1. How the data is organized and what “obligations” mean
Federal award reporting on USAspending is built to let users examine obligations — money that agencies have promised to pay under awards — which is distinct from cash outlays recorded elsewhere, so researchers should treat reported obligations as commitments that may not equal dollars actually spent and consider cross-checking with Treasury Fiscal Data when appropriate [3] [2].
2. The fastest path on USAspending.gov: Advanced Search and the right filters
Begin on USAspending’s interface and open Advanced Search; set the awarding agency or funding agency field to Immigration and Customs Enforcement (ICE) or Department of Homeland Security if ICE is not selectable, restrict Award Type to “Contracts,” set Fiscal Year to 2025 and 2026, and then choose the data breakdown field for “Place of Performance State” or “Recipient Location State” depending on whether the goal is where the work happens or where the vendor is headquartered — these filtering and breakdown tools are core site functions highlighted by independent researchers and guides [1] [2].
3. Grouping, exporting and checking subtotals
After applying filters, use the site’s grouping or download/export features to produce a state-by-state table of obligation totals; many investigators and reporting outlets use USAspending’s export to CSV to calculate state sums or create maps, as demonstrated in independent contractor research and media reporting that cite USAspending records for vendor-level and state totals [1] [4]. If the platform’s UI limits on-the-fly grouping, export the raw award list and pivot by state in a spreadsheet to compute FY2025 and FY2026 obligations separately and combined.

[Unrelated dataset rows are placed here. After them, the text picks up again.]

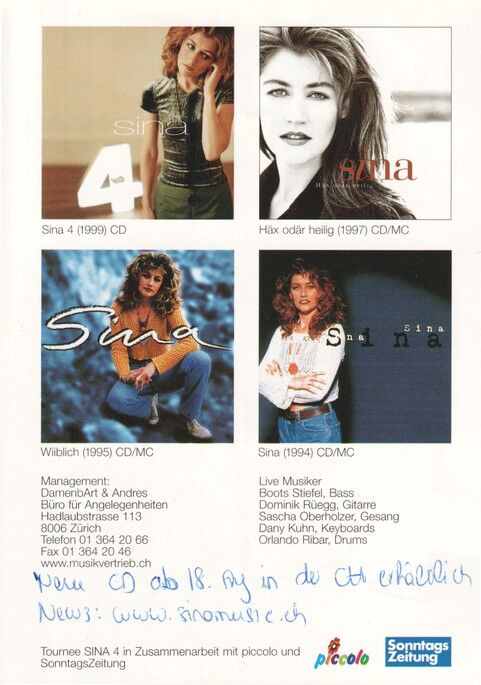 Autogramm Schlager | SINA | 1999 "Sina 4" (Portrait Color)
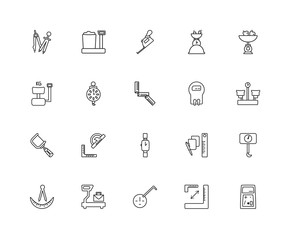 Collection of 20 Measurement linear icons such as Old Calculator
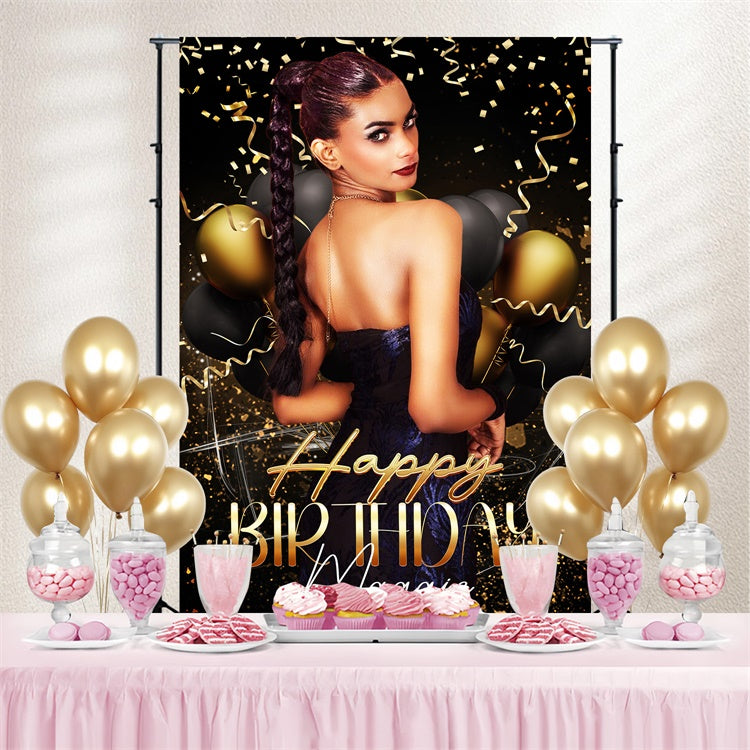 Custom Birthday Party Backdrop Chic Balloon Confetti Backdrop LXX4-9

4. Pitfalls and data-quality caveats reporters must not ignore
Congressional research and GAO reviews note continuing data quality and classification issues on USAspending, so state totals may be incomplete or misattributed due to missing place-of-performance entries, timing differences (award date vs obligation date), or post-publication adjustments; therefore, double-check high-value awards by clicking into award detail records on USAspending and consider corroborating with agency budget justifications or Treasury Fiscal Data where possible [2] [3].
5. Context and verification: sources that follow this method
Journalists and advocates routinely reproduce ICE contracting lists from USAspending — from local-law-firm rollups of state vendors to national media stories on Fortune 500 firms with active ICE contracts — illustrating the method’s practical utility but also the need for scrutiny when interpreting scale and intent [1] [4]. For budgetary context beyond contracts, Congressional Research Service analyses provide ICE budget authority trends for FY2024–FY2026 that help frame contract obligations within overall appropriations and requested increases [5] [6].
6. Practical checklist for a reliable run
Apply Advanced Search → Awarding Agency = ICE (or DHS) → Award Type = Contracts → Fiscal Years = 2025, 2026 → Breakdown = Place of Performance State or Recipient Location State → Export results and pivot by state → Reconcile totals with Treasury Fiscal Data and check individual award pages for anomalies; annotate any entries with missing state data as likely requiring supplemental verification [1] [3] [2].